Augustin-Jean Fresnel, François Arago optics |
Wave optics
Sound waves vibrate longitudinally, that is, along the direction they travel. Thomas Young proposed that light waves were mainly longitudinal. But Augustin-Jean Fresnel worked with François Arago to establish the laws of interference between rays of polarized light, and realized, in order to explain polarization, that light waves were entirely transverse.
Fresnel lens
Fresnel took the idea of making a lighter lens with sections separated by stepwise discontinuities from Georges-Louis Leclerc, Comte de Buffon, or Nicolas de Caritat, marquis de Condorcet.
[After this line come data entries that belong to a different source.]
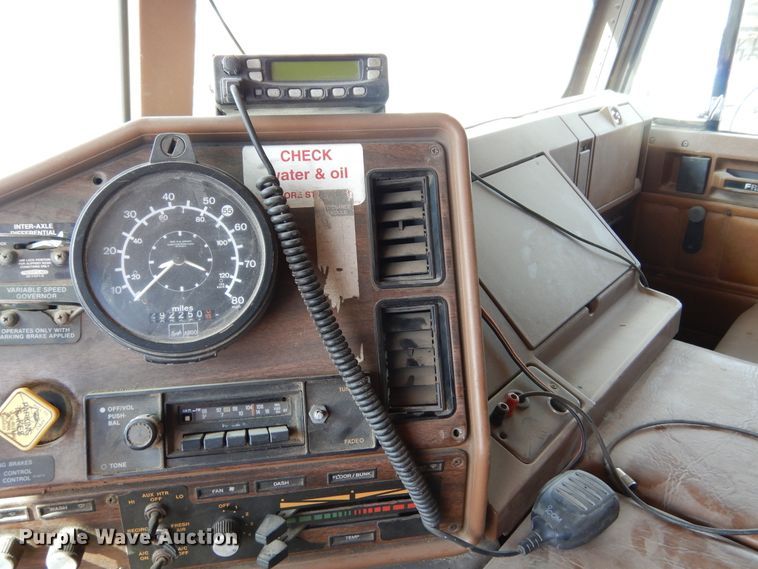 image for item KA9462 1986 Freightliner FLT  semi truck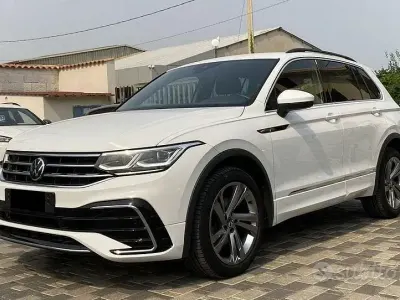 Usata VW Tiguan R-line 150 CV (110 kW) 2022 Bianco SUV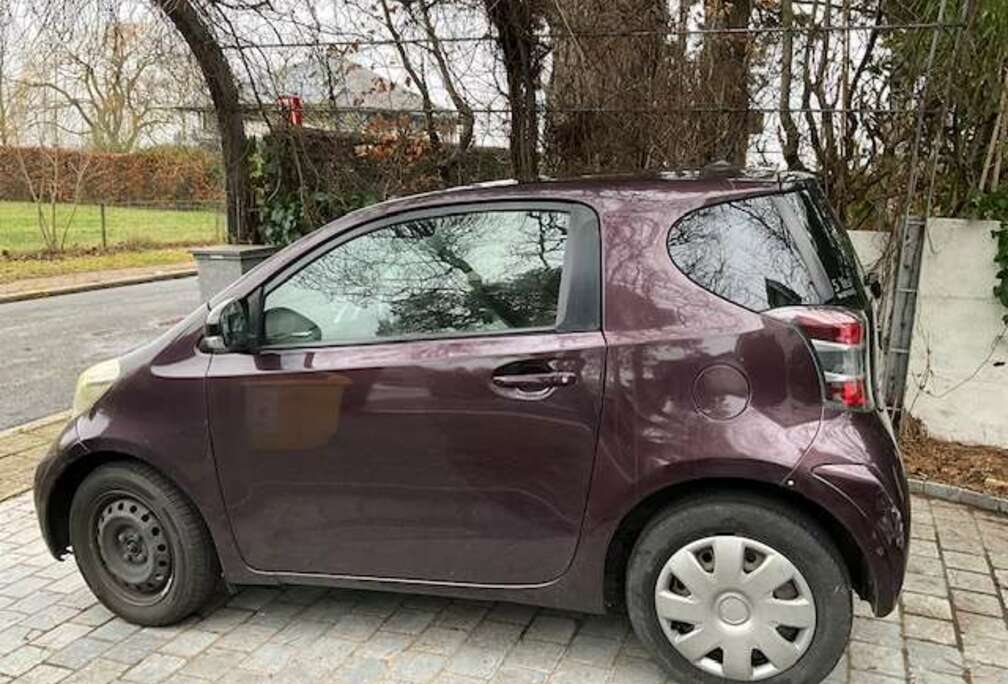 Toyota iQ 1.0i VVT-i Terra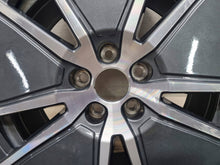 Laden Sie das Bild in den Galerie-Viewer, 1x Alufelge 17 Zoll 7.5" 5x112 38ET Glanz Grau 8W0601025DJ Audi A4 Mg Rim Wheel FEL6641365942qc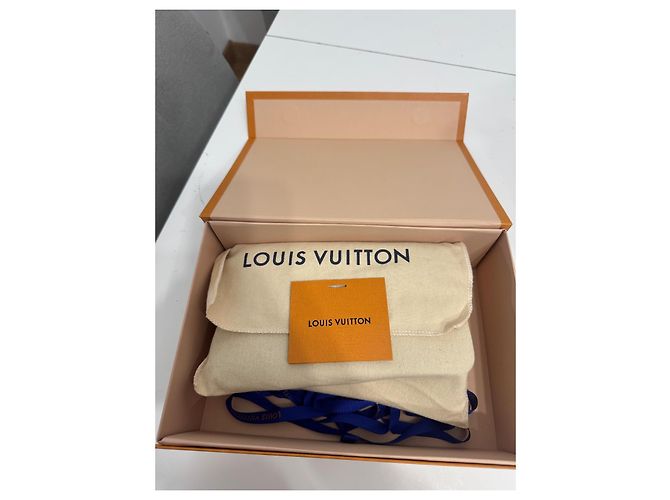Borsa Louis Vuitton in pelliccia dorata D'oro - vista 6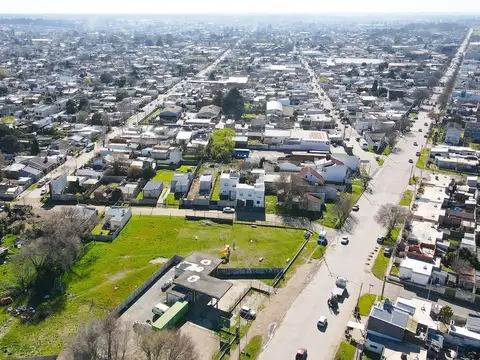 VENTA AMPLIO LOTE EN TANDIL BUENA UBICACIÓN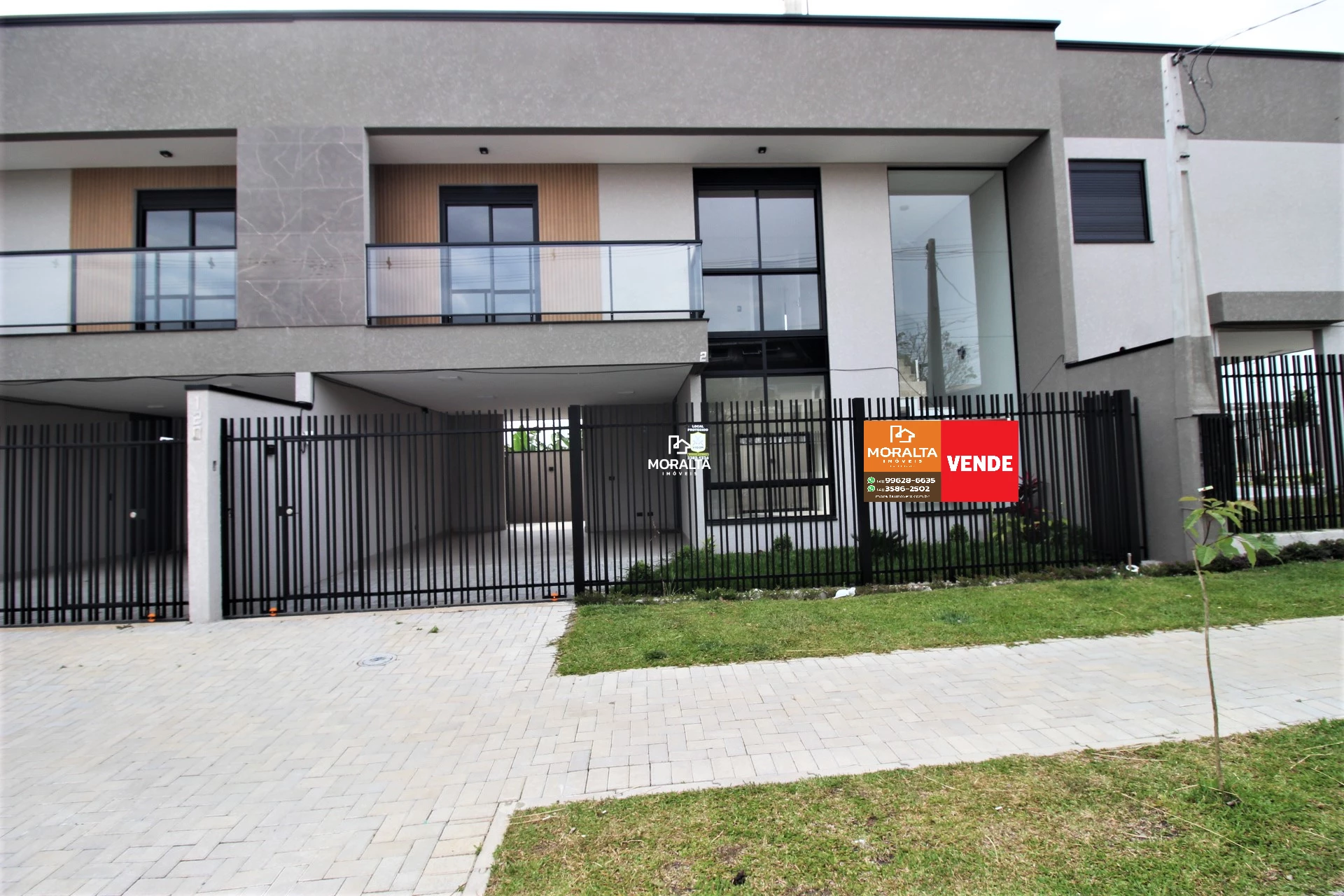 Sobrado Na Cidade Jardim Com 03 Quartos Sendo Um Com Suite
As commissioner of lighthouses in France he designed a series of different-size lenses and was the first to build these large-aperture and short-focal-length lenses for lighthouses.
The principles
The basic principles survive and are reapplied in unanticipated contexts. Augustin-Jean Fresnel created an object of beauty for which each lens facet, each mount, each screw was made by hand to amaze for hundreds of years.
These laws about light waves were not obvious; Fresnel and Arago were brilliant experimenters and made clever prisms and filters to superimpose parallel and orthogonally polarized rays of light. Fresnel is also famous for a prism, the Fresnel rhomb, that converts linearly polarized light to circularly polarized light.